Ainsi que l’a jugé Conseil d’Etat dans sa décision de section du CE du 26 février 2003 n° 232841-232842, les dispositions de l'article L. 13 du livre des procédures fiscales (LPF) ont pour conséquence que toute vérification de comptabilité doit en principe se dérouler dans les locaux de l'entreprise vérifiée. La vérification n'est toutefois pas nécessairement entachée d'irrégularité du seul fait qu'elle ne s'est pas déroulée dans ces locaux. Il en va ainsi lorsque, notamment, la comptabilité ne se trouve pas dans l'entreprise et que, d'un commun accord entre le vérificateur et les représentants de l'entreprise, les opérations de vérification se déroulent au lieu où se trouve la comptabilité, dès lors que cette circonstance ne fait, par elle-même, pas obstacle à ce que la possibilité d'engager avec le vérificateur un débat oral et contradictoire demeure offerte aux représentants de l'entreprise vérifiée.
Ainsi, lorsque la vérification de comptabilité s'est déroulée dans les locaux de l'entreprise, la possibilité d'engager un débat oral et contradictoire avec le vérificateur est présumée.

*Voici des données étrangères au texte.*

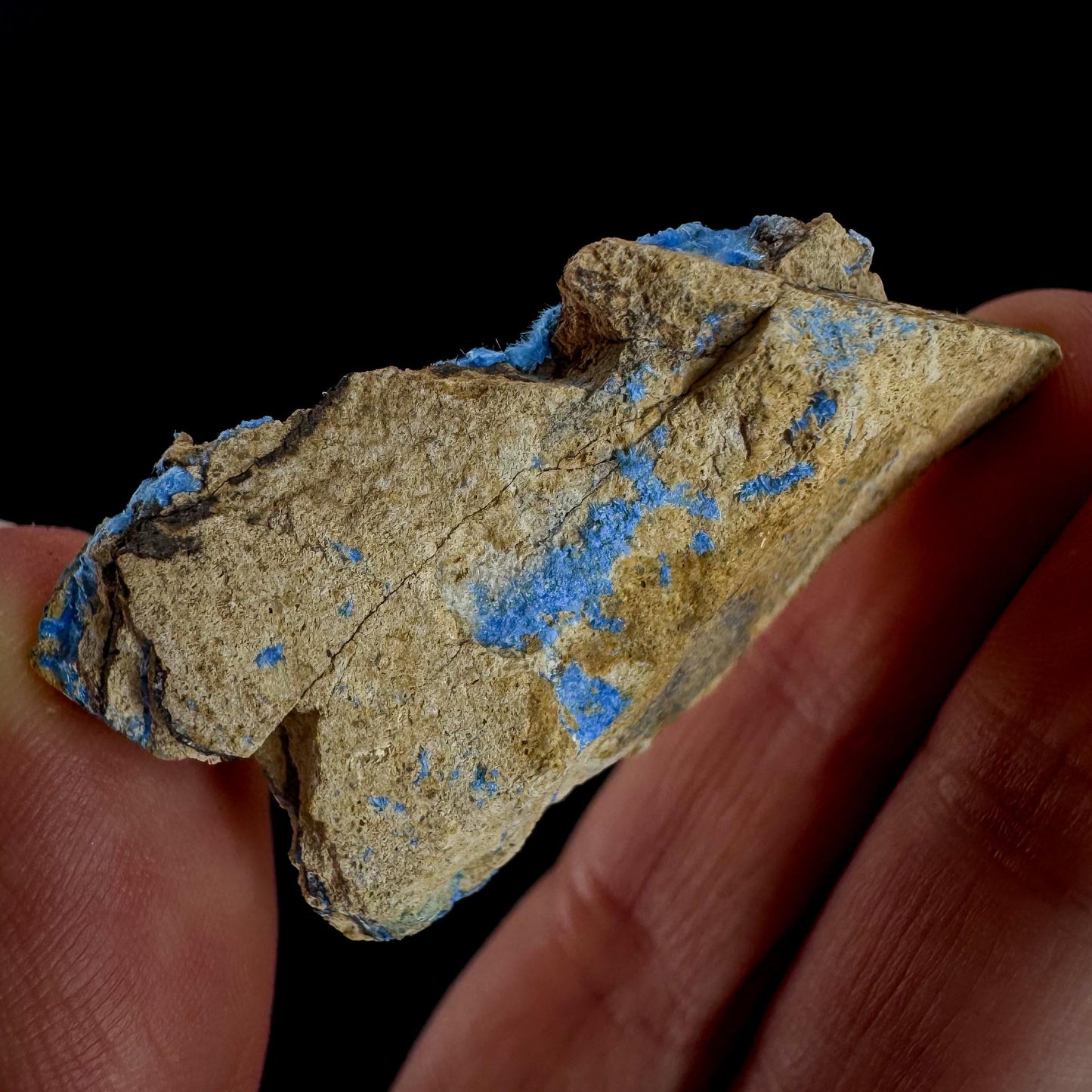 Cyanotrichite | fuzzy blue crystal, rare mineral specimen from Chile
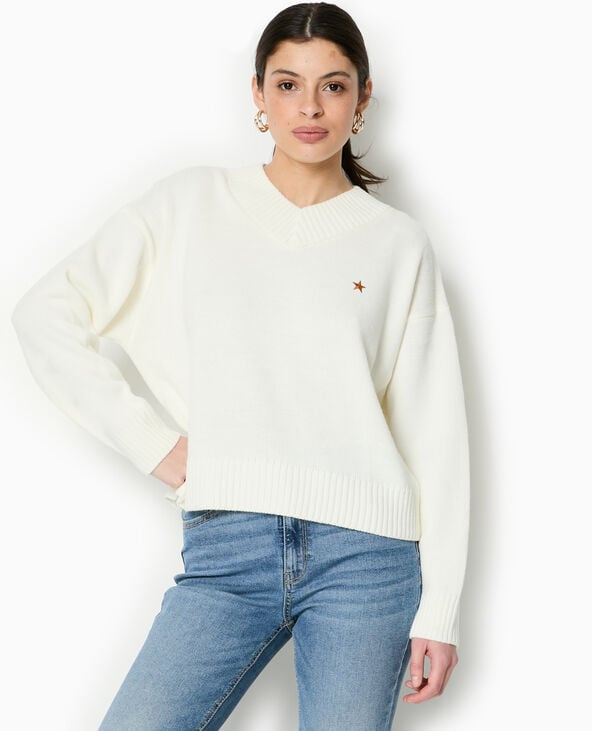 pimkie Pull col V - Blanc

Il en va de même dans le cas où, la comptabilité ne se trouvant pas dans l'entreprise, les opérations de vérification se sont, à la demande du contribuable, déroulées au lieu où se trouvent ces documents. Dans ces deux hypothèses, il appartient au contribuable qui soutient avoir été privé de cette garantie d'en apporter la preuve, notamment en justifiant que le vérificateur se serait refusé à un tel débat (CE 17 février 1997 n° 165573 et CE 30 décembre 2002, 231167).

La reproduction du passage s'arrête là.